Smart Planning for Complex Loans
The Ticino-based company Datamars SA uses radio frequency identification (RFID) technology to track pets, textiles and livestock. Livestock, its newest business area, is experiencing rapid growth. Sura Fini Di Pietro is a veteran client advisor for Credit Suisse. She explains in conversation with Datamars CEO, Klaus Ackerstaff, that the company's financing arrangements are unusual, even for her.
The business relationship between Datamars and Credit Suisse goes back 30 years. That relationship was severely tested roughly ten years ago even though Datamars was already the undisputed global leader in tracking pets and textiles. What happened, Mr. Ackerstaff?

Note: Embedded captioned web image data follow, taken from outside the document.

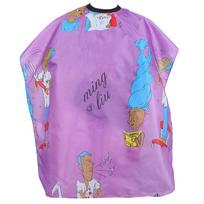 Children Hairdressing Apron Home Barber Shop Cartoon Pattern Hair Cutting Dyeing Gown CapePurple violetinė
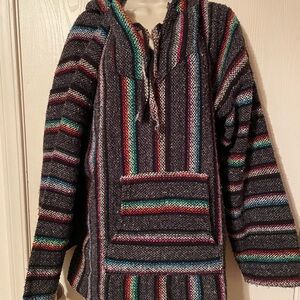 Artesatis La Malinche Rainbow Striped Baja Blanket Drug Rug Hoodie Unisex Sz XL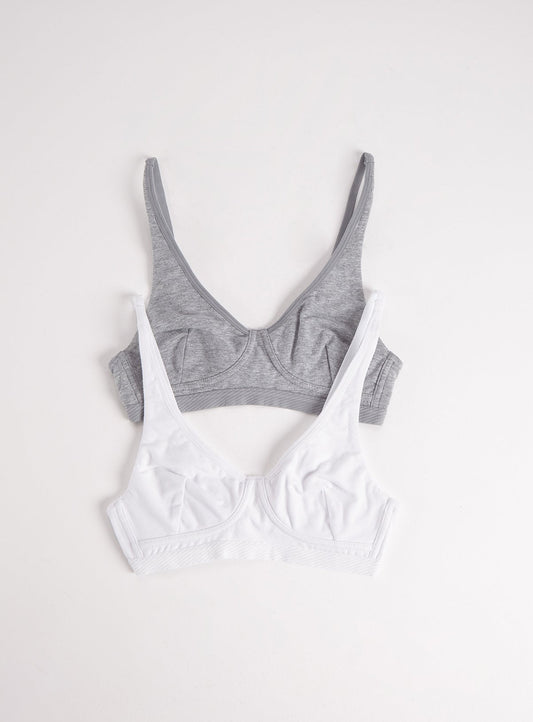 Grey & White Cotton-Rich Bra 2 Pack - 28A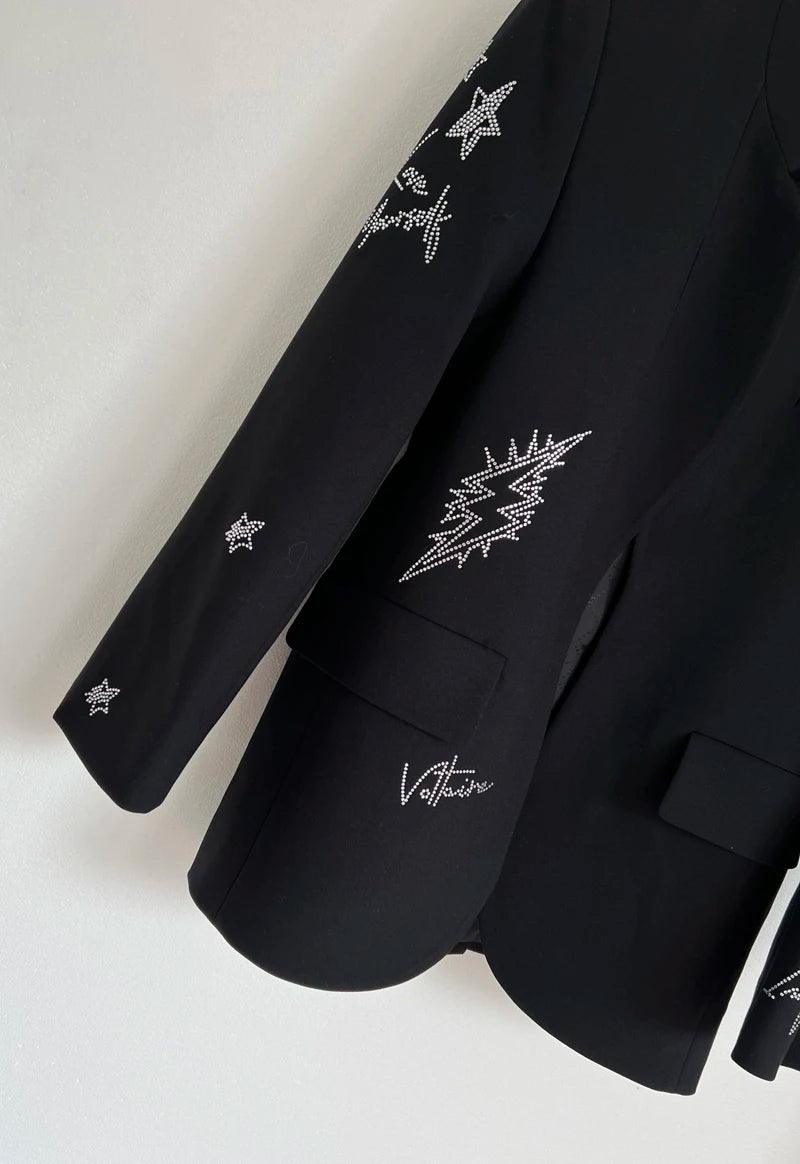 Cross-border e-commerce winnerz's 25 Z&@V Sassy Commuter Structured Simple Atmosphere Heart Pattern Notch Lapel Blazer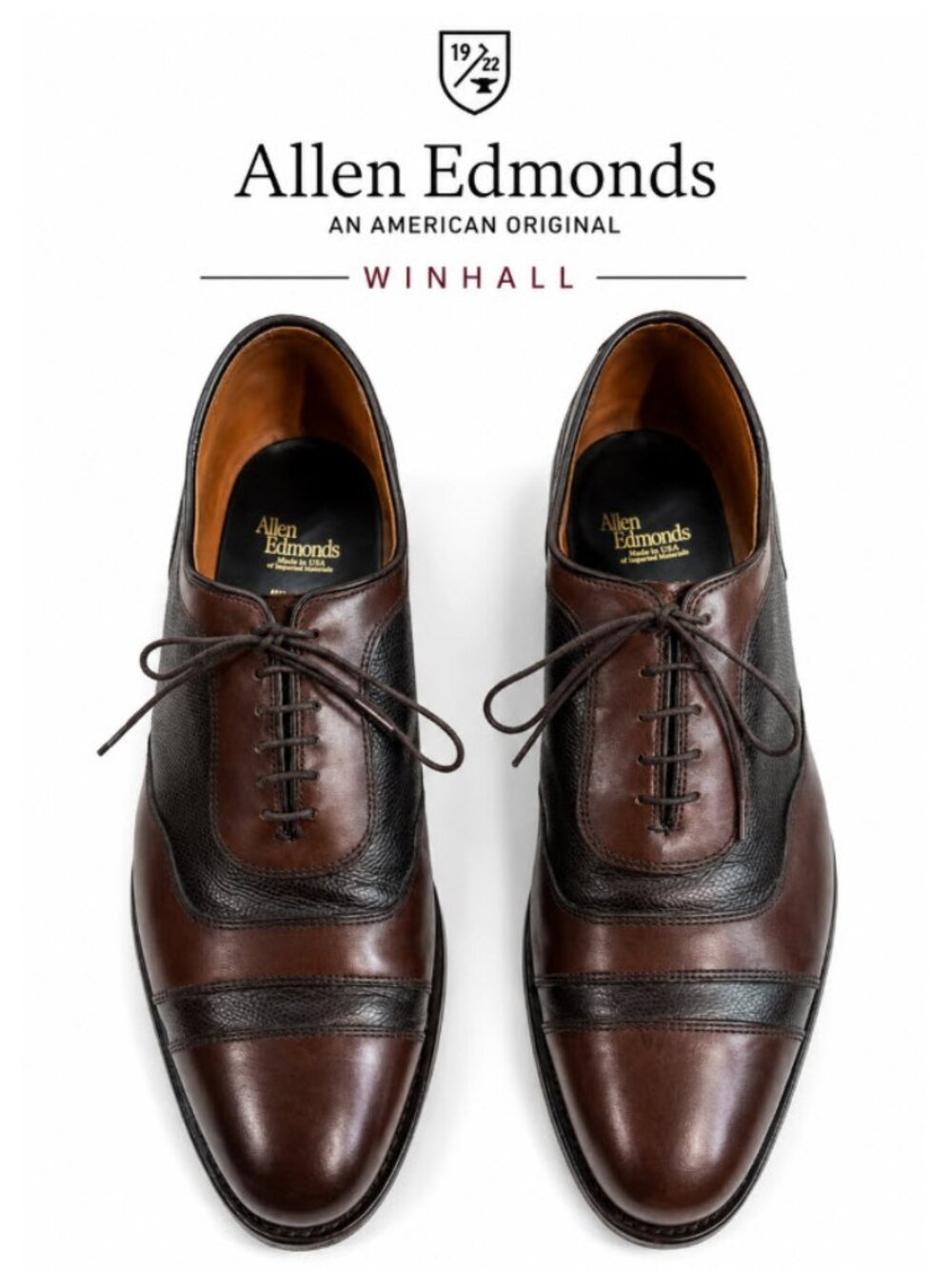 Allen Edmonds Winhall Brown Cap-Toe Derby Dress Shoes Leather Size 12 D Work
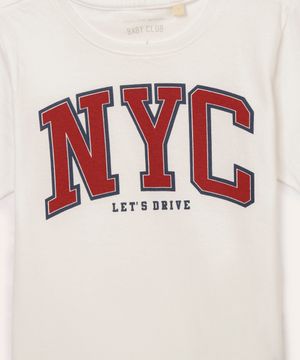 camiseta de algodão infantil nyc off white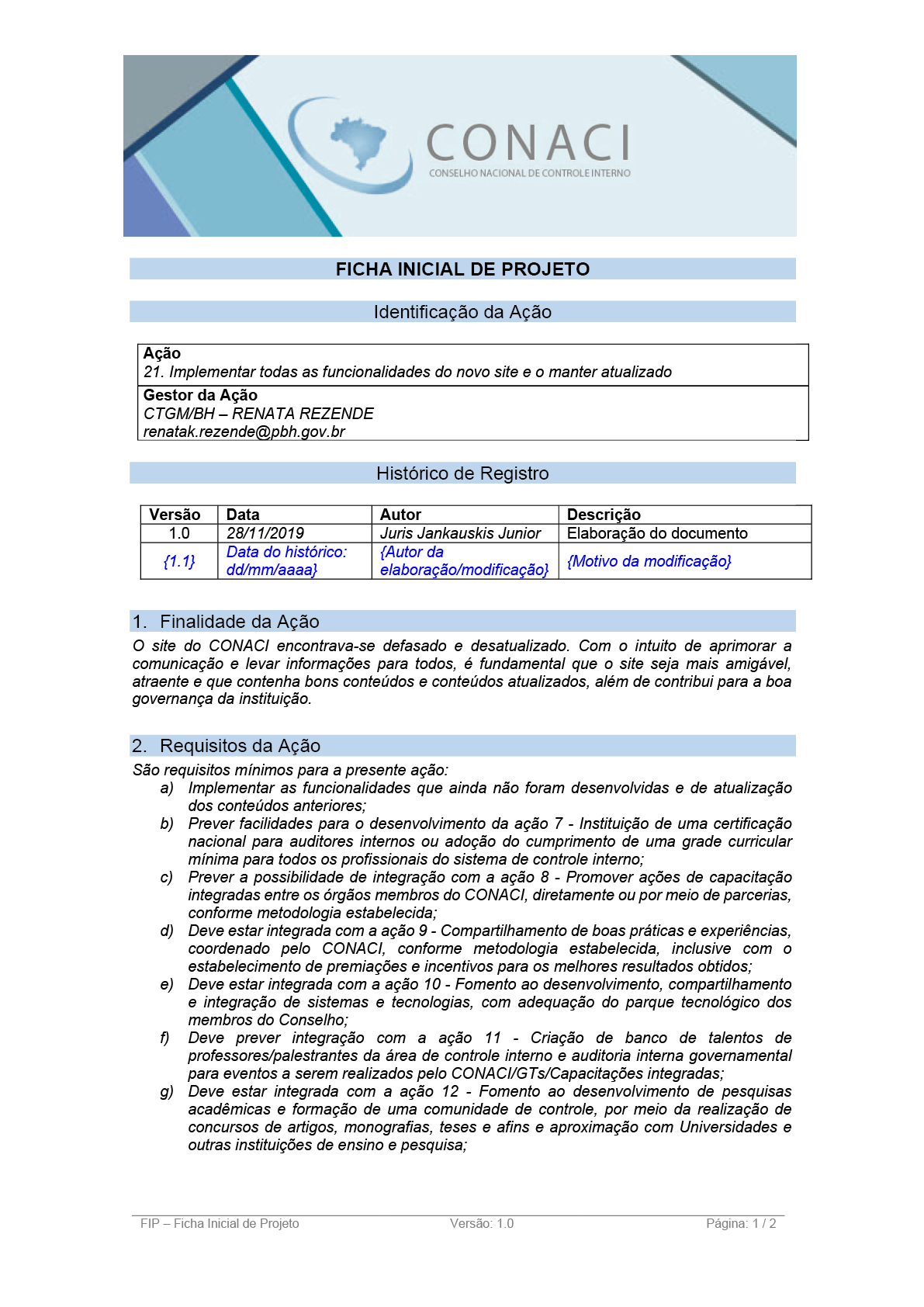 Termo de Abertura do Projeto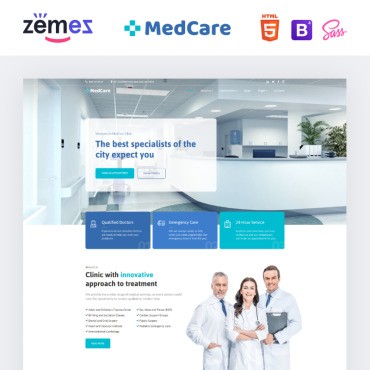 MedCare - Медицинская клиника. Шаблон веб сайта. Артикул 90757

Klaus Ackerstaff (KA): You're referring to the 2006 patent infringement case in the United States. I had just started working for Datamars. We were technically bankrupt because of the astronomical legal fees we had to pay in the US. Although Credit Suisse might easily have severed its ties with us, it instead provided strong support.
In what way?
KA: It helped us keep our day-to-day business afloat. If the bank hadn't allowed for flexibility in our current account, we would have had trouble paying our employees on more than one occasion...
Ms. Fini Di Pietro, you were already working as a client advisor for Credit Suisse, and Datamars was one of your clients. What was that period like for you?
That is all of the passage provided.